German art historian and curator

Ursula Ströbele is a German art historian and curator.

She is currently Professor of Art History with a specialisation in contemporary art at the Braunschweig University of Art (Hochschule für Bildende Künste, HBK Braunschweig).

Her research and teaching addresses the history and theory of sculpture in the 20th and 21st centuries, art and ecology, and infrastructural studies of transport, material flows and production. In 2025, she launched the research project Ecologies of Sculpture in collaboration with the Sprengel Museum in Hanover, funded through the initiative "Potenziale strategisch entfalten" of the Lower Saxony Ministry of Science and Culture and the VolkswagenStiftung.

==Life and Academic education==
Ursula Ströbele studied art history, information science and economics at Heinrich Heine University Düsseldorf, Bergische University Wuppertal and the Sorbonne in Paris, graduating with a Magister Artium.

Her thesis examined the tomb of Cardinal Richelieu by François Girardon in the Chapelle de la Sorbonne. She completed her PhD at Heinrich Heine University Düsseldorf (HHU) on the sculptural reception pieces (morceaux de réception) of the Académie Royale de Peinture et de Sculpture (1700–1730), and subsequently received her habilitation at HHU on the sculptural aesthetics of the living since the 1960s, with a focus on Hans Haacke and Pierre Huyghe.

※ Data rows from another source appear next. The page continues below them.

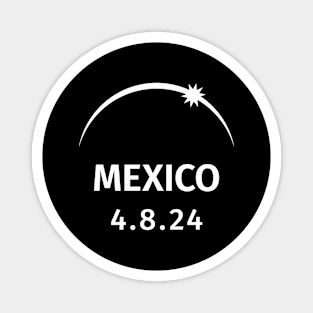 4.8.2024 Solar Eclipse Mexico Magnet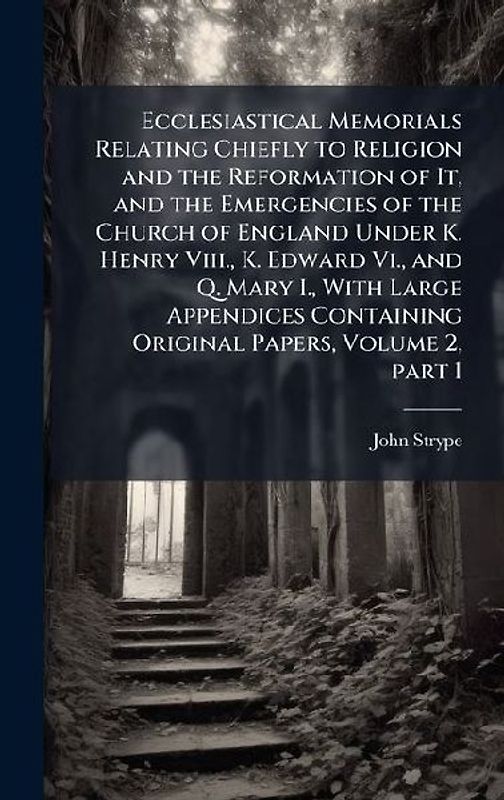 Ecclesiastical Memorials Relating Chiefly to Religion and the Reformation of It, and the Emergencies of the Church of England Under K. Henry Viii., K. Edward Vi., and Q. Mary I., With Large Appendices Containing Original Papers, Volume 2, part 1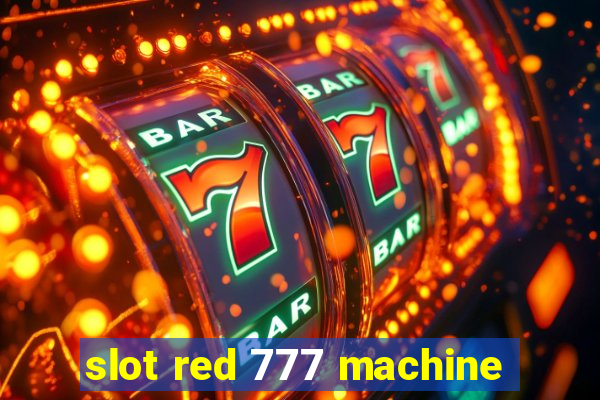 slot red 777 machine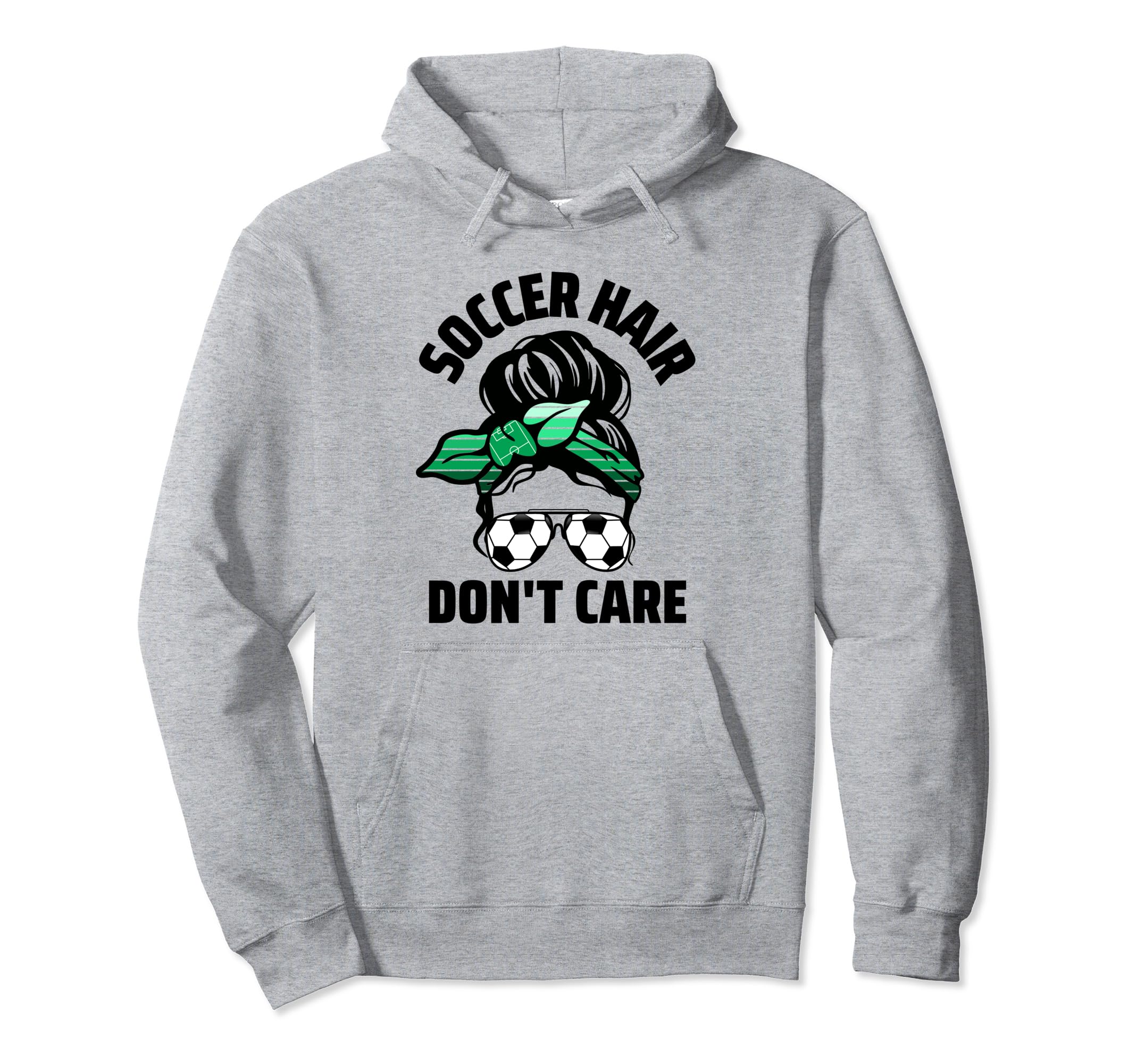 Soccer Hair Dont Care Soccer Player Messy Hoodie - Unique Graphic Unisex - T-Shirt, Sweatshirt, Hoodie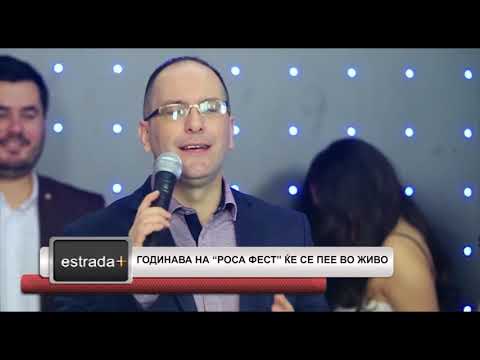 Estradaplus 20.04.2018 - Godinava na "Rosa fest" ke se pee vo zivo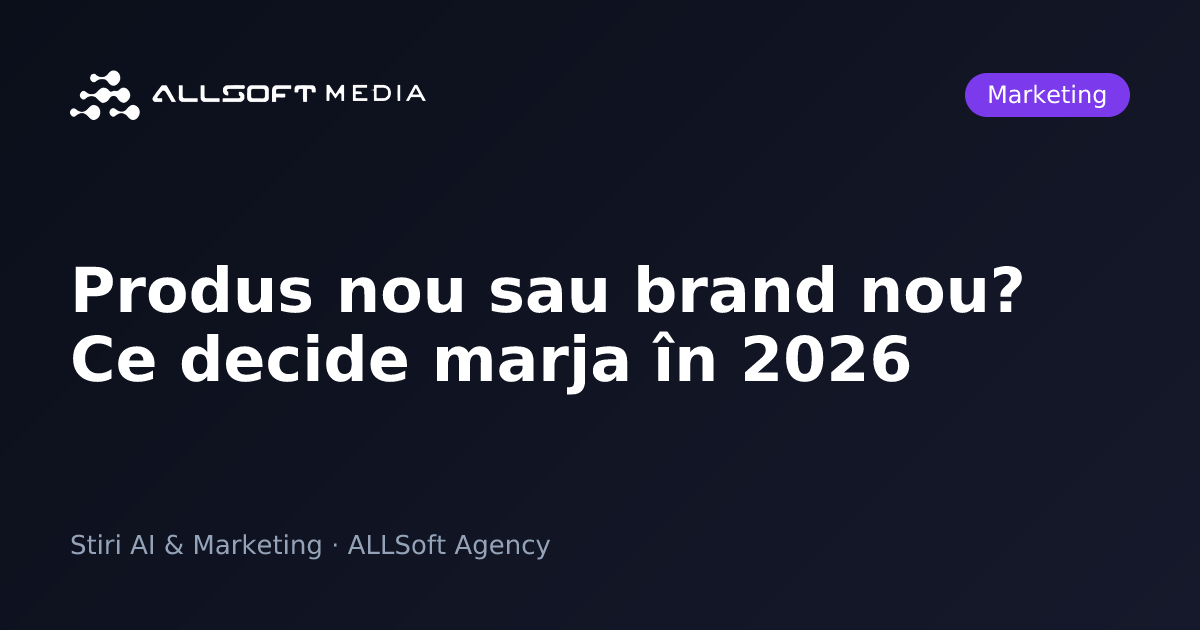 Produs nou sau brand nou? Ce decide marja în 2026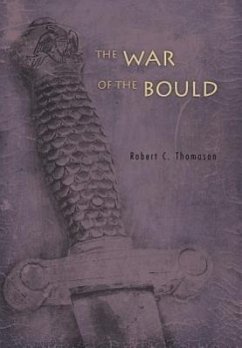 The War of the Bould - Thomason, Robert C.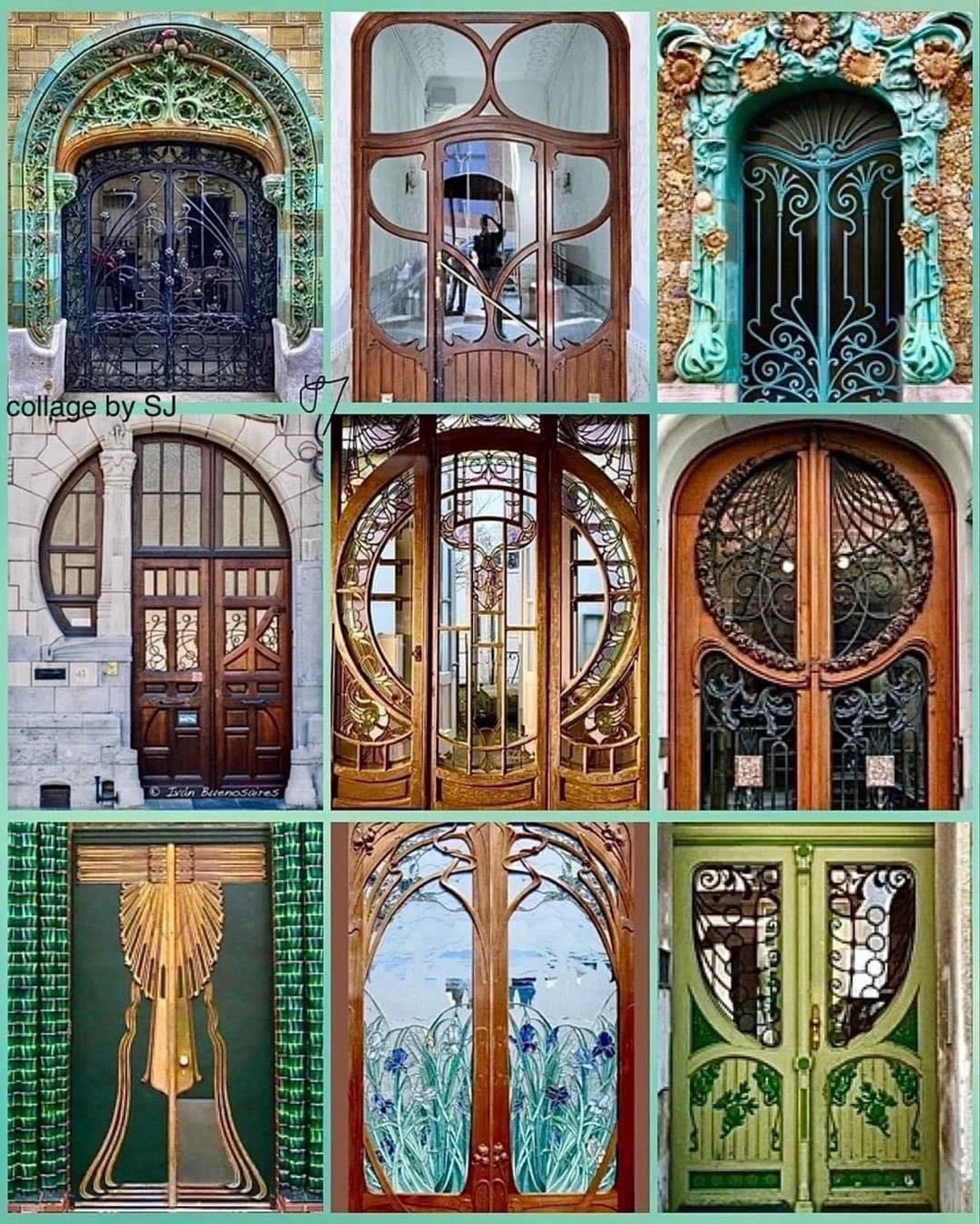 9 beautifully ornate art nouveau Entrance Doors from early 20th Century :

1. 16 rue Eugéne Manuel, París, 1903, Architect: Charles Klein; Ceramist: Émile Muller, Pinterest

2. Casas Bonaventura Pujol - Manuel Mora, 1908, Architect: Jaume Sanllehí i Molist, Barcelona, photo by Arnim Schulz;

3. 1903, 14 rue Gallieni, Courbevoie, Hauts-de-Seine, France, Pinterest;

4. House Achilles Van Hoecke Dessel, 1903, Kunstlaan 41, Ghent, Belgium Photo © Ivan Buenosaires;

5. France, Photo: Sherry B. Good;

6. Casa Vallet i Xiró, 1912, Architect: Josep Maria Barenys i Gambús; photo by Arnim Schulz;

7. Peter Behrens, Behrens House, 1901, Mathildenhöhe, Art Colony in Darmstadt, Germany, © Sally W. Donatello;

8. stained, leaded & etched glass panels with irises, by Eugene Gaillard, Pinterest; 9. Vienna, Austria, Pinterest.

Selection and collage by SJ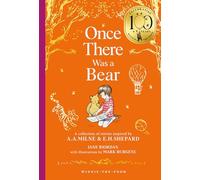 Winnie-the-Pooh: Once There Was a Bear: NEW collectable edition of illustrated Pooh prequel stories inspired by Milne and Shepard (Winnie-the-Pooh - Classics 100th Anniversary)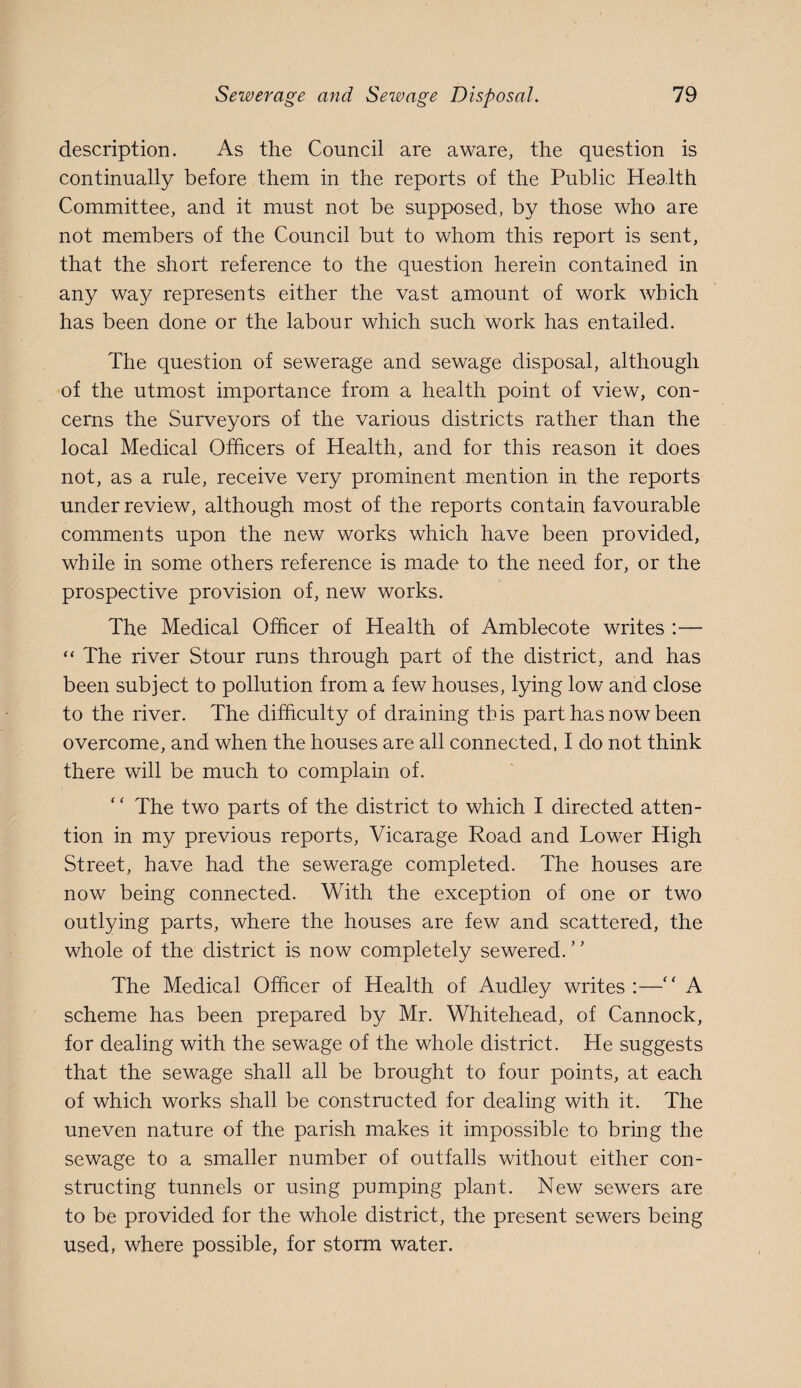 description. As the Council are aware, the question is continually before them in the reports of the Public Health Committee, and it must not be supposed, by those who are not members of the Council but to whom this report is sent, that the short reference to the question herein contained in any way represents either the vast amount of work which has been done or the labour which such work has entailed. The question of sewerage and sewage disposal, although of the utmost importance from a health point of view, con¬ cerns the Surveyors of the various districts rather than the local Medical Officers of Health, and for this reason it does not, as a rule, receive very prominent mention in the reports under review, although most of the reports contain favourable comments upon the new works which have been provided, while in some others reference is made to the need for, or the prospective provision of, new works. The Medical Officer of Health of Amblecote writes :— “ The river Stour runs through part of the district, and has been subject to pollution from a few houses, lying low and close to the river. The difficulty of draining this part has now been overcome, and when the houses are all connected, I do not think there will be much to complain of. “ The two parts of the district to which I directed atten¬ tion in my previous reports. Vicarage Road and Lower High Street, have had the sewerage completed. The houses are now being connected. With the exception of one or two outlying parts, where the houses are few and scattered, the whole of the district is now completely sewered. The Medical Officer of Health of Audley writes :— A scheme has been prepared by Mr. Whitehead, of Cannock, for dealing with the sewage of the whole district. He suggests that the sewage shall all be brought to four points, at each of which works shall be constructed for dealing with it. The uneven nature of the parish makes it impossible to bring the sewage to a smaller number of outfalls without either con¬ structing tunnels or using pumping plant. New sewers are to be provided for the whole district, the present sewers being used, where possible, for storm water.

From 2009 to 2011, Ströbele served as head of communications and press relations at the studio of artist Anselm Reyle in Berlin. She subsequently held a post-doctoral research position at the Institute for Art History, Art Theory and Aesthetics at the Berlin University of the Arts (UdK) from 2012 to 2018, where she was a co-founder of the DFG-funded research network Theory of Sculpture. From 2019 to 2023, she worked as a research associate at the Zentralinstitut für Kunstgeschichte in Munich, where she led the Study Centre for Modern and Contemporary Art.

In 2019, Ströbele served as artistic director of Kunstverein Arnsberg. Since 2012, she has curated exhibitions at venues including Berlin, Los Angeles, Mönchengladbach, Munich, and Szczecin.

Ströbele has held fellowships from the German Center for Art History (DFK) in Paris, the Evangelisches Studienwerk Villigst, the German Academic Exchange Service (DAAD), Heinrich Heine University Düsseldorf, the Berlin Senate, and the Fritz Thyssen Foundation.